(Records for this exercise)
▬▬▬
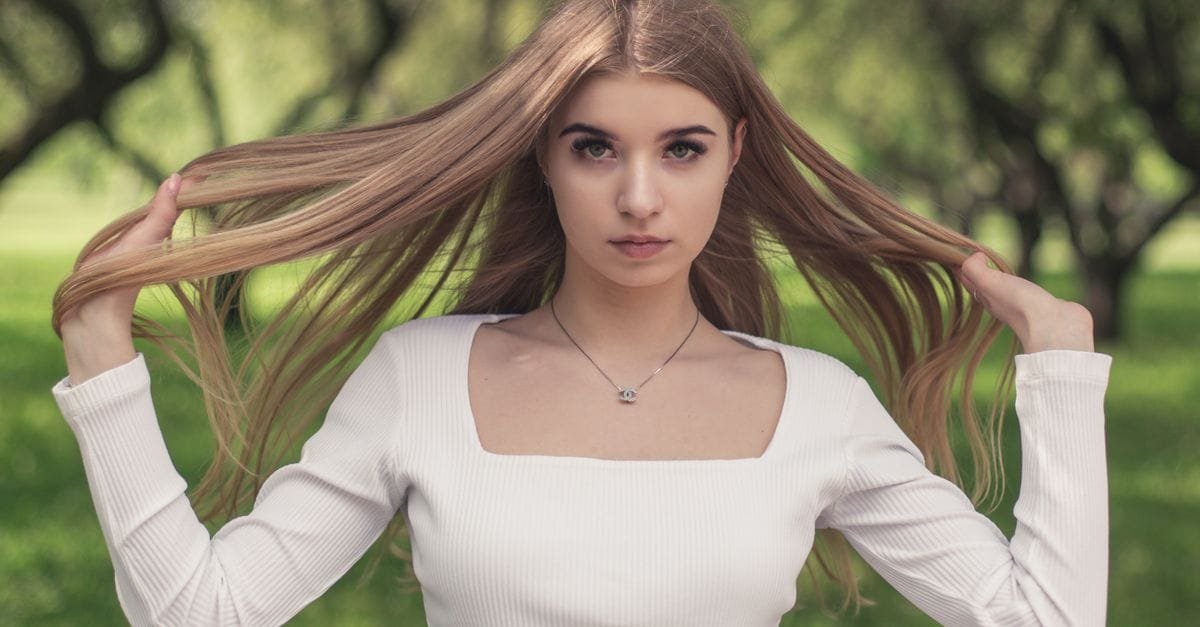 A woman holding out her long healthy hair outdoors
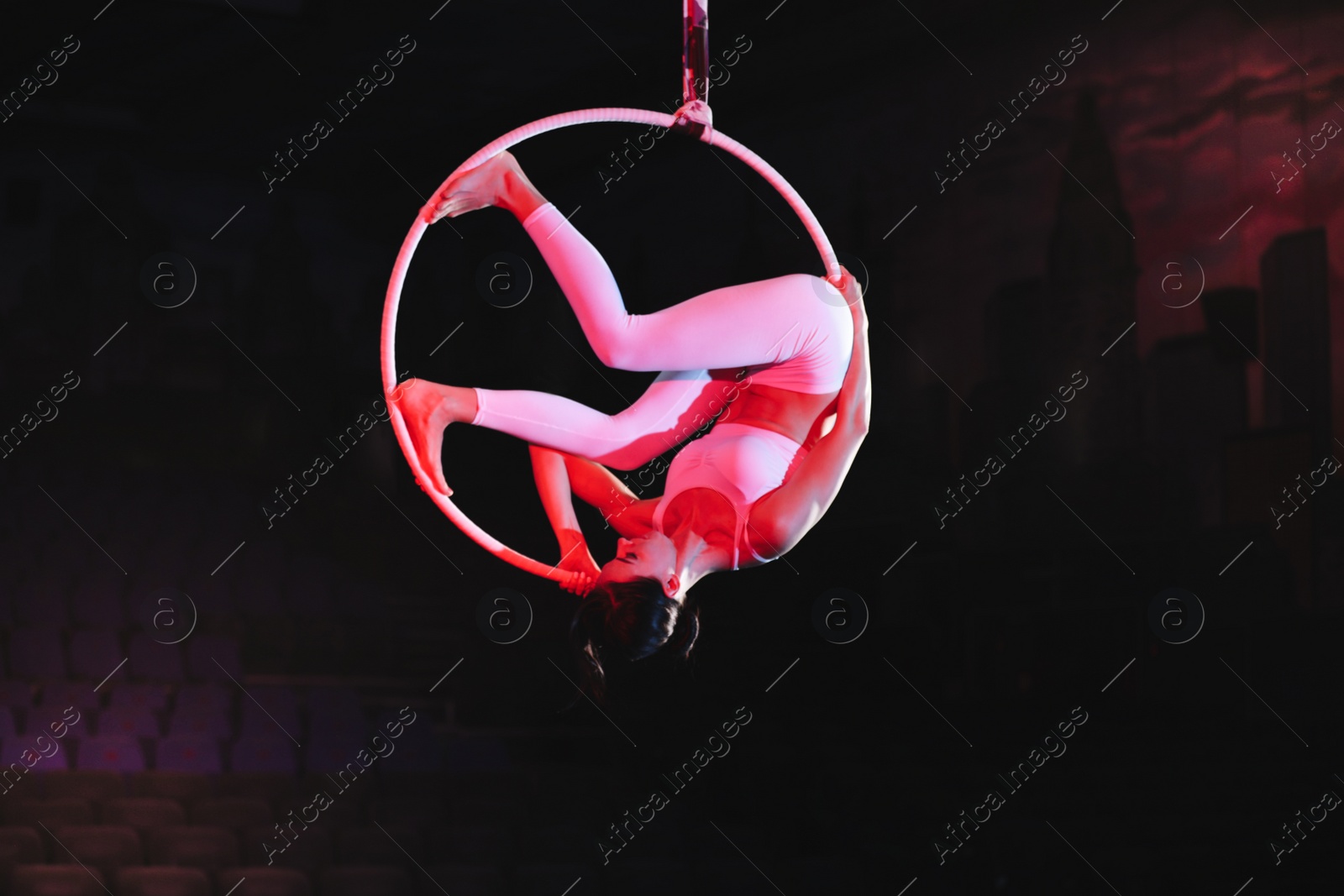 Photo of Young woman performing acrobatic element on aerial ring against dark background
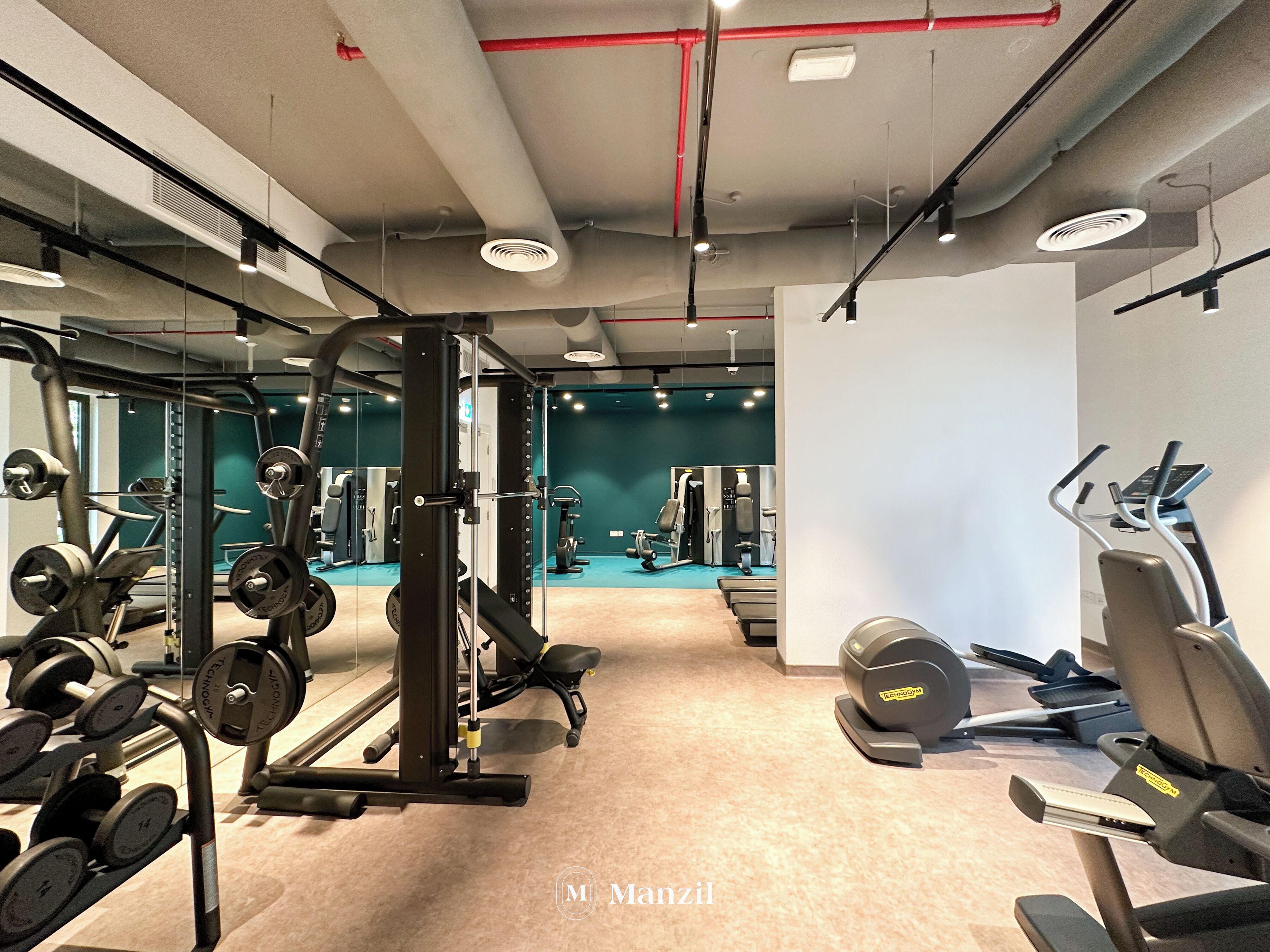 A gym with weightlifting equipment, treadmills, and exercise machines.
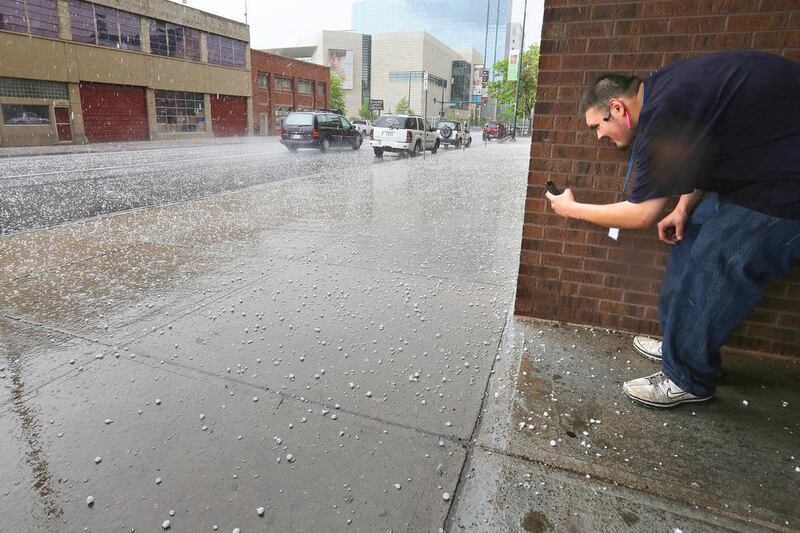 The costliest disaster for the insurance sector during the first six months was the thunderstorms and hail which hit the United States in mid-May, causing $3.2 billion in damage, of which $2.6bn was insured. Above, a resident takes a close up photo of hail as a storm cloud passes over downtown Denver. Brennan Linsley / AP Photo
▬▬▬
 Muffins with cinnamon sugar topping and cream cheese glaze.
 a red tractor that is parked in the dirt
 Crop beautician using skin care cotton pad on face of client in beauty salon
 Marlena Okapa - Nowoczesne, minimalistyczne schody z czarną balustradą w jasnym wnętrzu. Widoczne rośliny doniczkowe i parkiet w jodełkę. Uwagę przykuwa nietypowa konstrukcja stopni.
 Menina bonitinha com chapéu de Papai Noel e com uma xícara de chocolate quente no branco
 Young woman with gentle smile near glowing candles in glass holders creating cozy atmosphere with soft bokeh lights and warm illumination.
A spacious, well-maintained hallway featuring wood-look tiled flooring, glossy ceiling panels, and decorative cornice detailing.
▬▬▬
(Activity) Within the listing above, give again exactly every line from the line with "Young woman with" through the line with "A spacious, well-maintained", both included, and no other line.

(Answer to this problem)
 Young woman with gentle smile near glowing candles in glass holders creating cozy atmosphere with soft bokeh lights and warm illumination.
A spacious, well-maintained hallway featuring wood-look tiled flooring, glossy ceiling panels, and decorative cornice detailing.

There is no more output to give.